Senior US State Department officials leave posts

The officials had submitted their resignations before Trump's inauguration on January 20 as is required of officials holding posts appointed by the president.

The State Department Building is pictured in Washington, US, January 26, 2017.
TRT World and Agencies

The State Department Building is pictured in Washington, US, January 26, 2017.

At least four senior US State Department officials are leaving their posts by Friday after the Trump administration accepted their resignations from presidentially appointed positions, a senior department official said.

Resignations and turnovers among senior leadership during a presidential transition is common.

Political appointees chosen by the president and confirmed by the Senate were obliged, as usual, after Trump's Nov. 8 election victory, to submit letters of resignation to give the new president the opportunity to name his own people to the jobs.

Turnover is the rule, rather than the exception, among the top officials in the US government when the White House changes hands from one party to another, in this case from Democrat Barack Obama to Republican Donald Trump.

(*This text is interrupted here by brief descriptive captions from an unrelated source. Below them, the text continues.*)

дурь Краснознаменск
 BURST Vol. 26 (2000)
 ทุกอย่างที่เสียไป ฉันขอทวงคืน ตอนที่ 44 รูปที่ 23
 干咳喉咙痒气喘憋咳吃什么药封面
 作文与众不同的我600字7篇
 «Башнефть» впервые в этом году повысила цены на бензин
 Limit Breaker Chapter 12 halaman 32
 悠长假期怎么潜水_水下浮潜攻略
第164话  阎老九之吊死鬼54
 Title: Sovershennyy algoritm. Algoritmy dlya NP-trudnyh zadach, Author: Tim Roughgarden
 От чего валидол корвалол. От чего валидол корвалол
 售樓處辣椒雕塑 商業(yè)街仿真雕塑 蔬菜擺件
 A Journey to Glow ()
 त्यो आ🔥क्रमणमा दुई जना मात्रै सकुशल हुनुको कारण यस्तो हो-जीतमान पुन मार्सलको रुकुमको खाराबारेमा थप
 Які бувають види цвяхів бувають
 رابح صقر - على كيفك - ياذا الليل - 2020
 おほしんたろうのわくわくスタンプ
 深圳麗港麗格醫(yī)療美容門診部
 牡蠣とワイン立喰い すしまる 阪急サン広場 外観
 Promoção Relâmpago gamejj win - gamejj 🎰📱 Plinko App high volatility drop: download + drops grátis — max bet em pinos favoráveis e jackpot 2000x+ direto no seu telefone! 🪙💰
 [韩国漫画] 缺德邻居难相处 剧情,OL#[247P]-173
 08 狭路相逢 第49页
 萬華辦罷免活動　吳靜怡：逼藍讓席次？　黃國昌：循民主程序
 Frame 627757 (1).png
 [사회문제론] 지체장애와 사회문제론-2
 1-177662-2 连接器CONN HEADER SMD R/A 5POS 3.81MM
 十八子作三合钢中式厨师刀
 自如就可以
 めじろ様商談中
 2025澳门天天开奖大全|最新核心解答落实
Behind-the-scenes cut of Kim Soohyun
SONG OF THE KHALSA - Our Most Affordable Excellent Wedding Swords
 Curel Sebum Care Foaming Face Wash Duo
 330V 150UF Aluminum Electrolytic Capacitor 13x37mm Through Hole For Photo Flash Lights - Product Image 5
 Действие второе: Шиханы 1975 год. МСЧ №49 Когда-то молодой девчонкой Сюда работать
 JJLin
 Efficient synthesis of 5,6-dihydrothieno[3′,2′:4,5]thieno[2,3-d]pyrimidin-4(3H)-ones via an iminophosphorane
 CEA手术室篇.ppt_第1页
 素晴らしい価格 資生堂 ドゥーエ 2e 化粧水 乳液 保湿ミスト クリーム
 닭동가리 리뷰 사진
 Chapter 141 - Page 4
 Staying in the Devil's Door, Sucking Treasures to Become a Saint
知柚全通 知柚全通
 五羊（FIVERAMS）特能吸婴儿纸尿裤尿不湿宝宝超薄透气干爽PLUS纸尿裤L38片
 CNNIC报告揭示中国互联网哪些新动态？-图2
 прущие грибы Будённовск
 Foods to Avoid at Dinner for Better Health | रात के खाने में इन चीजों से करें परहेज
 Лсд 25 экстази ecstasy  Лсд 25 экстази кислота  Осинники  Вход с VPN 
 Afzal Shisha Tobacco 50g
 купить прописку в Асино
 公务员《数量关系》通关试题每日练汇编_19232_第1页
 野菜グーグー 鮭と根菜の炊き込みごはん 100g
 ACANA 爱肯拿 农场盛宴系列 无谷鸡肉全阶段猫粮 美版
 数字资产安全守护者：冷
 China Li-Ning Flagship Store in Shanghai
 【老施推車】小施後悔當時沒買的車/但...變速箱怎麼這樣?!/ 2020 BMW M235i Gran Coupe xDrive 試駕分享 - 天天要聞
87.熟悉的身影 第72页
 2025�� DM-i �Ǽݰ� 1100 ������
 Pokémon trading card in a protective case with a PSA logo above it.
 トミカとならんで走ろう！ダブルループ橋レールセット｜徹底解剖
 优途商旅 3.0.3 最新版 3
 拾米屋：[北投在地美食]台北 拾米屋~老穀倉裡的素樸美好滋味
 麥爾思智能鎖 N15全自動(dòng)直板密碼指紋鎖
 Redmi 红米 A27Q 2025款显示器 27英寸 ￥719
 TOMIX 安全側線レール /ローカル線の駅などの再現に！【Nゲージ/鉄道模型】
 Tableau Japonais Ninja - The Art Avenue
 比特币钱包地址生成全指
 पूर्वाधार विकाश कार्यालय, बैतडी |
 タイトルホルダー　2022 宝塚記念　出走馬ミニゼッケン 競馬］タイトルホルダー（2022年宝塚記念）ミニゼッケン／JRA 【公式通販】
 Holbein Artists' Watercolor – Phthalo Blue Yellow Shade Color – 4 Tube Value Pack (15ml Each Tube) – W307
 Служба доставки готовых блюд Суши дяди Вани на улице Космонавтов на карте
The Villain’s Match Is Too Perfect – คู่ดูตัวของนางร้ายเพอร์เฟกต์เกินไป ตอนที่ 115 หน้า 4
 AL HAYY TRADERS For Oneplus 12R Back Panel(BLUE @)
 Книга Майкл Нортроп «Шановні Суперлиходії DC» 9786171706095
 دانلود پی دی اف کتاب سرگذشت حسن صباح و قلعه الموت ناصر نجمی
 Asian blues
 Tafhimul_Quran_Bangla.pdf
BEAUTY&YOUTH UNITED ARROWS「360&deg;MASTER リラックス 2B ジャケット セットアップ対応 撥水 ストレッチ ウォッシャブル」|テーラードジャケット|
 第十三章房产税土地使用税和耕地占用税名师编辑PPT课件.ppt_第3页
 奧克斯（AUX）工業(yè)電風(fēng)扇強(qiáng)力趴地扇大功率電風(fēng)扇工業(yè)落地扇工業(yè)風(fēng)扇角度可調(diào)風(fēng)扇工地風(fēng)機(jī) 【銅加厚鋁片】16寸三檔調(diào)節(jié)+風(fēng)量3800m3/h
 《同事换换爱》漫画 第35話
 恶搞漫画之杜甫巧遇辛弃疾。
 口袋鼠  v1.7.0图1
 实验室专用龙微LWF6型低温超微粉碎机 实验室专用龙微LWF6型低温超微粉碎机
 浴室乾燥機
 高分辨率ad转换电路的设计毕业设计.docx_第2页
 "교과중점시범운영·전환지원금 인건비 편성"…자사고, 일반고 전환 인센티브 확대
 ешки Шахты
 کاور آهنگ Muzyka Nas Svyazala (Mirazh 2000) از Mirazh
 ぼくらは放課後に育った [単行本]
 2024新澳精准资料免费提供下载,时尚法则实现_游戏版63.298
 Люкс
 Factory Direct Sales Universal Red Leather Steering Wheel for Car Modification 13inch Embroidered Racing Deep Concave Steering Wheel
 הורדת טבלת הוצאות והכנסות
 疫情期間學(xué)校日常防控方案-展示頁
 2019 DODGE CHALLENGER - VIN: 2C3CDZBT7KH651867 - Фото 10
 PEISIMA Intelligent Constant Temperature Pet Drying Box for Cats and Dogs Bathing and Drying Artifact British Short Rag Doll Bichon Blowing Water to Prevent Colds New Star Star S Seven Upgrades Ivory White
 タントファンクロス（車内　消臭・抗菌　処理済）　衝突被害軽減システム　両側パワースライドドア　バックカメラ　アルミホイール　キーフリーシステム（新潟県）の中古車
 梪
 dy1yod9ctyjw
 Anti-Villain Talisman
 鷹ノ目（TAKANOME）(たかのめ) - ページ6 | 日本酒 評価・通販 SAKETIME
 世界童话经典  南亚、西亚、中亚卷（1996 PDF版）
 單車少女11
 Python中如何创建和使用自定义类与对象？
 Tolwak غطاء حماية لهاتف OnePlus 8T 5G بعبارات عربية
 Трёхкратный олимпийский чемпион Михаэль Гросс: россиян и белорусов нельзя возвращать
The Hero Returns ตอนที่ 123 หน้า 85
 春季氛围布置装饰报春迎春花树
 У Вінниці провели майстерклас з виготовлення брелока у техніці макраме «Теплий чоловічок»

TRT World's Simon Marks has more details.

At least one media report suggested that the departures amounted to a mass resignation, but several US officials said this was not the case.

"Of the officers whose resignations were accepted, some will continue in the Foreign Service in other positions and others will retire by choice or because they have exceeded the time limits of their grade in service," acting State Department spokesman Mark Toner said in a statement.

US President Donald Trump's nominee for Secretary of State, former Exxon Mobil Corp chairman Rex Tillerson, was approved by the Senate foreign relations committee. Tillerson, who has yet to be confirmed by the full Senate, will be under some pressure to fill these senior positions.